Working with data packs
Data packs are maintained by Nuance speech scientists to remain current with popular vocabulary and language use.
Mix uses two types of data packs when building models for your applications:
Nuance Data Pack (NDP), also known as a core data pack, used for automatic speech recognition and tokenization. Each data pack provides a base language model that enables the speech recognition engine and the text processing engine to recognize and transcribe the most common terms and constructs in the language and locale. The main identifier for this type of data pack is the Locale plus a Topic (gen for General in most cases). Additional topics are available upon request to provide a specialized, yet still general, knowledge of a domain or specific area of interest. Nuance data packs are used by both the ASR and the NLU engines.
When you add a new project in Mix you select the data pack topic and locale to use. If specialized topics are available to your organization, they will be listed for selection as well.QuickNLP (QNLP) data pack, used for semantic understanding.
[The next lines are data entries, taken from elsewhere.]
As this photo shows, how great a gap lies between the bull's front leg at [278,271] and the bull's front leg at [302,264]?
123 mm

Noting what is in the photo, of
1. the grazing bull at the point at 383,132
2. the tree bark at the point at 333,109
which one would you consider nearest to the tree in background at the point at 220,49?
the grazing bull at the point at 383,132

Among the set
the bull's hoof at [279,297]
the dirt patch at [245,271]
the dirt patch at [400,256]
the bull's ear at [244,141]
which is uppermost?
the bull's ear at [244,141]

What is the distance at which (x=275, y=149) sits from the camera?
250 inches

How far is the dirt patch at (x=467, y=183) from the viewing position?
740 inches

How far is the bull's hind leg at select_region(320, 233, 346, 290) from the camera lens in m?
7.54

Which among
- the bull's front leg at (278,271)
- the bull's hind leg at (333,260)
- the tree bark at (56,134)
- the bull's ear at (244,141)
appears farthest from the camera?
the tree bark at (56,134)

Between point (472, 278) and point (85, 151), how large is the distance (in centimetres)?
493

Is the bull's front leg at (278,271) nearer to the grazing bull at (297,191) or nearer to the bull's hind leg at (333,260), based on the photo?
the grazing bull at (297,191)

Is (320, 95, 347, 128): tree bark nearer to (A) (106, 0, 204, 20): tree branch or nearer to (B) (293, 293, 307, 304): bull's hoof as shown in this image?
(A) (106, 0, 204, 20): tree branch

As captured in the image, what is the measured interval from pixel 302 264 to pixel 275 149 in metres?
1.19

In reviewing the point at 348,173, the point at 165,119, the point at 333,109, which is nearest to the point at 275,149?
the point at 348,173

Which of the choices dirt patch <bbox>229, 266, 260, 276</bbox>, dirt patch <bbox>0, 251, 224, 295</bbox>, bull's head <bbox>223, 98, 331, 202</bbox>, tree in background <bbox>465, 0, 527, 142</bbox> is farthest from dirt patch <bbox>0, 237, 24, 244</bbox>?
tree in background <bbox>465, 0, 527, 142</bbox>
These data packs enable the natural language engine to derive intent and reveal the meaning behind text and spoken input, by leveraging AI-based speech technology and powerful machine learning models. QuickNLP data packs are used by the NLU engine.
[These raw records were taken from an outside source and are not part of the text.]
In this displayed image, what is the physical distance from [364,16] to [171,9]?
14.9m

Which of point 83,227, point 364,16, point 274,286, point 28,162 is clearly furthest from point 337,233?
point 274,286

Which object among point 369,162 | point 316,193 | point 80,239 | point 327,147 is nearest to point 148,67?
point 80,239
Currently, this section contains information on the QNLP data pack versions available to Mix, including on the predefined entities supported. In the future more information about NDP models will be available.
Understanding the link between projects and QNLP data pack versions
Projects are associated with a specific version of a QuickNLP/NLU data pack. When you create a new project, it is associated with the current data pack version. When you rebuild your model, it continues to use the same data pack version. For example, if the version of the QNLP data pack is 6.6.11 when you create a new project, this data pack version will continue to be used when you rebuild your model, even if the current data pack version available has increased.
Data pack versions may not be fully backward-compatible. This means that if you create a new project but you want to import the TRSX content of a project associated with an older data pack version, you may encounter issues.
For example, data packs contain predefined entities, which save you the trouble of defining entities that are common to many applications, such as monetary amounts, Boolean values, calendar items (dates, times, or both), cardinal and ordinal numbers, and so on. Let's say that the nuance_DURATION predefined entity changed between the 5.x and 6.x data packs. An application with a 5.x data pack would expect a response of {"DURATION_ABS":{"HOUR":2}}, but the new data pack would return a different format: {"DURATION_ABS":{"UNIT":"hour","NUMBER":2}}. This change may break your application.
Predefined entities
This section describes the predefined entities that are included with Mix QuickNLP (QNLP) data pack version 6.x.
Some notes:
- All Nuance predefined entities are namespaced with "nuance_", including all subnodes.
- Some entities may not be available in all languages.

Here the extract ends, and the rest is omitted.